This cheap, 700-year old solution could change billions of lives
Providing glasses is a low-cost, high-impact way to improve lives and incomes in the developing world Image: REUTERS/Rupak De Chowdhuri
Of the top economic powers in the world, 69 are corporations and only 31 are countries. Businesses now set the pace for technological change and social innovation. Where business leads, society follows.
Any business investor knows that the strength of good investing lies in calculating risk and reward; low risk is often a sign of low reward. Could we apply this to the world’s most pressing social issues too?
Finding solutions to the world’s greatest problems requires an appetite for risk taking; for supporting solutions with large upfront capital, without evidence of success. While the returns in terms of social progress, productivity and wellbeing could be huge, the potential for failure and loss is enough to put off many but the most adventurous private philanthropists .
I have dedicated over a decade of my career to tackling the issue of poor vision. There are over 2.5 billion people around the world who need vision-correction but have no access to it, leading to drastic health costs and lost productivity that costs an estimated $3 trillion every year.
Deemed an insurmountable challenge by the institutional world of professionals, industry and policymakers, tackling the global vision crisis meant confronting risks and unknowns. But finding and catalysing a solution would have dramatic repercussions for a country’s productivity and could revolutionise people’s lives and wellbeing.
Through betting on a pioneering vision-screening protocol which trialled new affordable glasses and loosened regulations on who could provide sight tests, Rwanda has become the first developing country in the world to implement universal primary eye healthcare, with vast benefits for all its citizens.
Matching the success of the exhaustive efforts in one small country with a global effort to drive change carries greater challenges. Democratic governments struggle to take the necessary risks, or to provide the long-term stability needed to create change and see projects to their end.
Businesses, on the other hand, are ambitious and impact-orientated. Published at Davos this year, the Young Presidents’ Organization’s Global Leadership Survey found that business leaders believe the private sector is the best sphere in which to yield social impact, with 51% considering government regulation an obstacle, rather than an aid, to doing good.
Businesses who want to do good should note that tackling poor vision by providing vision correction to their workforce is a low-hanging fruit. Around 90% of cases of poor vision worldwide could be solved by a simple pair of glasses that cost as little as $1.50 – a solution that has been around for over 700 years and is so often taken for granted in the developed world.
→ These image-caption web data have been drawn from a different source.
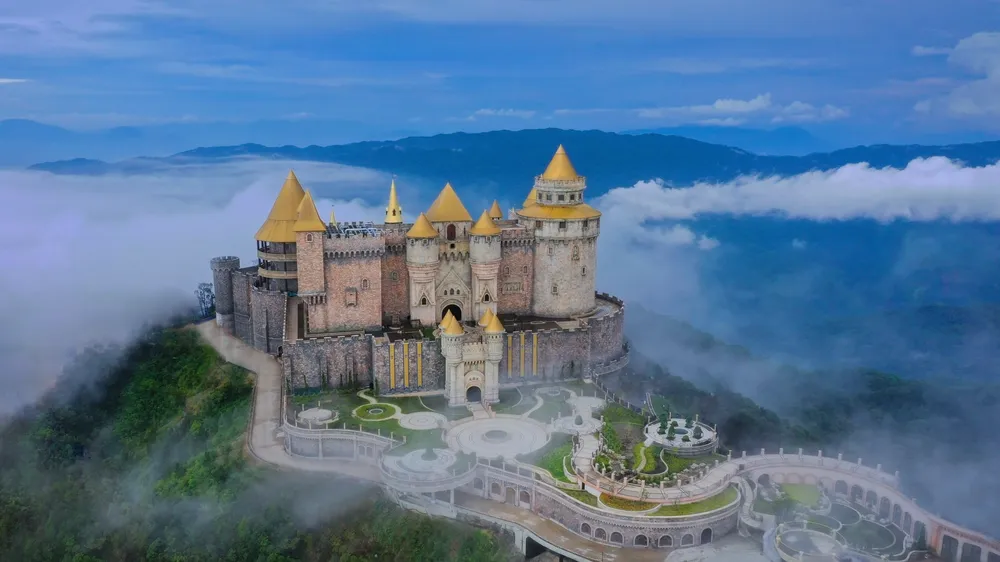 Sun World Ba Na Hills ẩn hiện giữa màn mây tuyệt đẹp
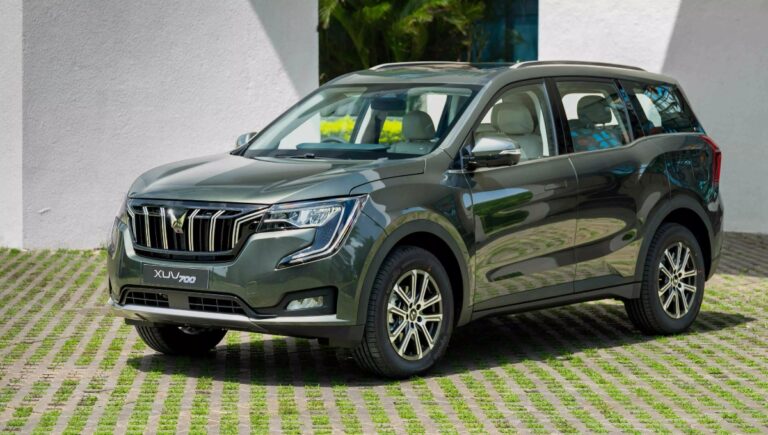 Mahindra XUV700 2025: Powerful Diesel SUV with 182bhp, AWD, Panoramic Sunroof Starting at 28 Lakh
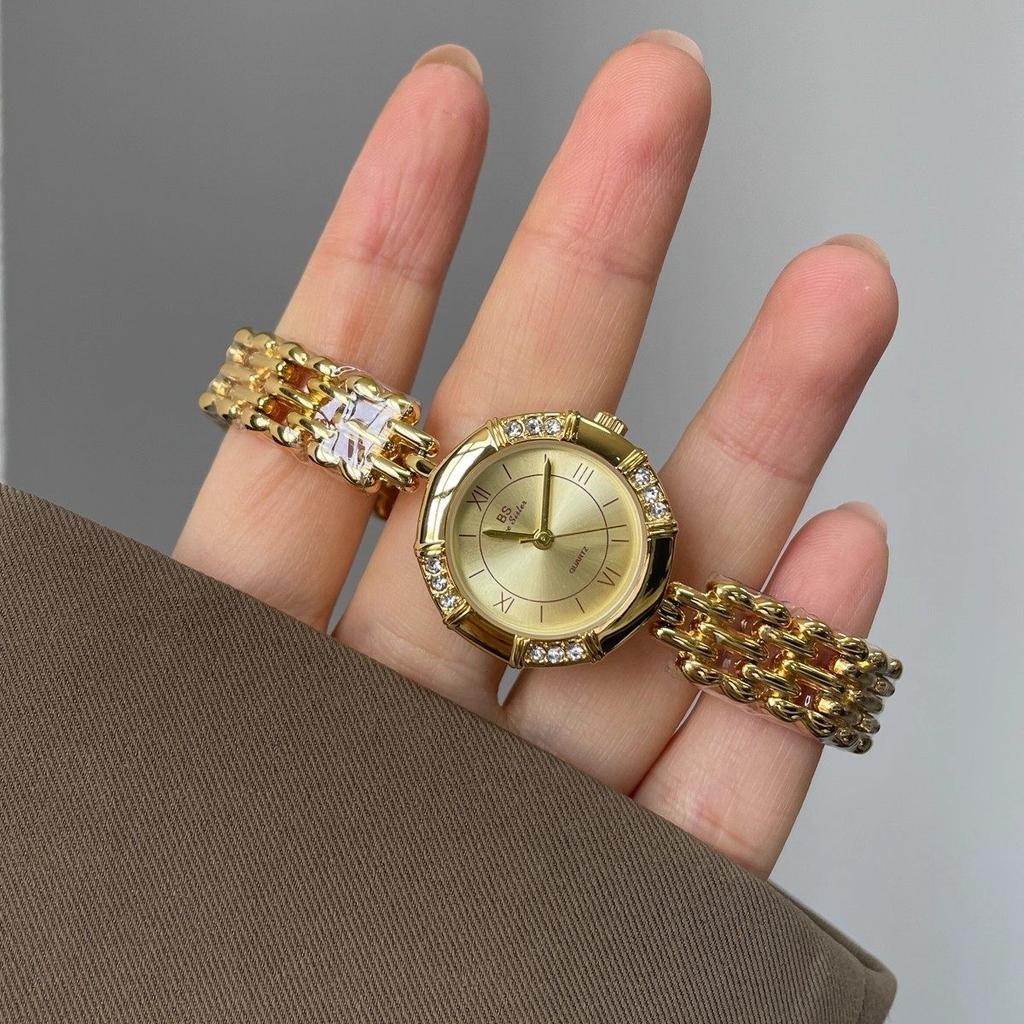 New Women'S Fashion Watch, Luxurious Gold, Vintage Style, Ladies' Quartz Watch, Casual And Elegant, High-End Women'S Wristwatch.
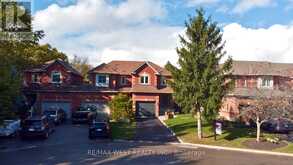 84 WILLOWAY Whitchurch-Stouffville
A number of firms, including American consumer retail giant Williams Sonoma, have started to implement eye tests and provide low-wage workers with vision-correcting glasses. The rewards are huge. Workers’ wellbeing is dramatically increased – not only in helping them see better but in preventing fatal injuries with heavy machinery or in road traffic accidents.
A very modest investment makes huge business sense by reaping rewards for employers - through improved worker productivity and employee retention - and workers alike, through being able to earn for longer and in their improved general wellbeing. This is a clear win/win.
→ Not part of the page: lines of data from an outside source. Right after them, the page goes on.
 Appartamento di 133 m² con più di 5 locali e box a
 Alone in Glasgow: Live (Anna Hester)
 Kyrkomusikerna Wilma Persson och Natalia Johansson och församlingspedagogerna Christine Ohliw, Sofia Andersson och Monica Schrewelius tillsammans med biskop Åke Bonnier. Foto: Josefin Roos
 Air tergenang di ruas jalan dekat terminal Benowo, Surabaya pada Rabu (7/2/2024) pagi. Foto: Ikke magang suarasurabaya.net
Research published in The Lancet Global Health shows that the simple provision of glasses to tea pickers in Assam, India, improved productivity by an average of 22%. This is the equivalent to one whole working day a week, a productivity increase unmatched by other primary health interventions. More than nine in 10 participants in the study would recommend glasses to other workers – and it is fundamental these programmes are embraced by those involved if the required investments are to be successful and sustainable.
Even more strikingly, for those aged over 50 the increase in productivity was close to 32%. The implications of primary eye healthcare and glasses in helping older workers stay in work are huge – not to mention reducing poverty, helping younger family members to stay in school, improving health and wellbeing among elderly members of the community – the list goes on.
This is startling and indisputable evidence for the power of glasses. More importantly, for business leaders, it is a sign that real, affordable and existing solutions have been trialled and de-risked.
Now the World Health Organization and Commonwealth Heads of Government are coming onside, and there is now a dedicated working group within the UN, The Friends of Vision, devoted to putting forward multilateral resolutions that will transform this into global action.
We need to find more ways to build strategies for the business sector to drive change. This is undoubtedly the best way forward, not only for poor vision but for issues of education, gender equality, pollution, and other pillars of the sustainable development goals.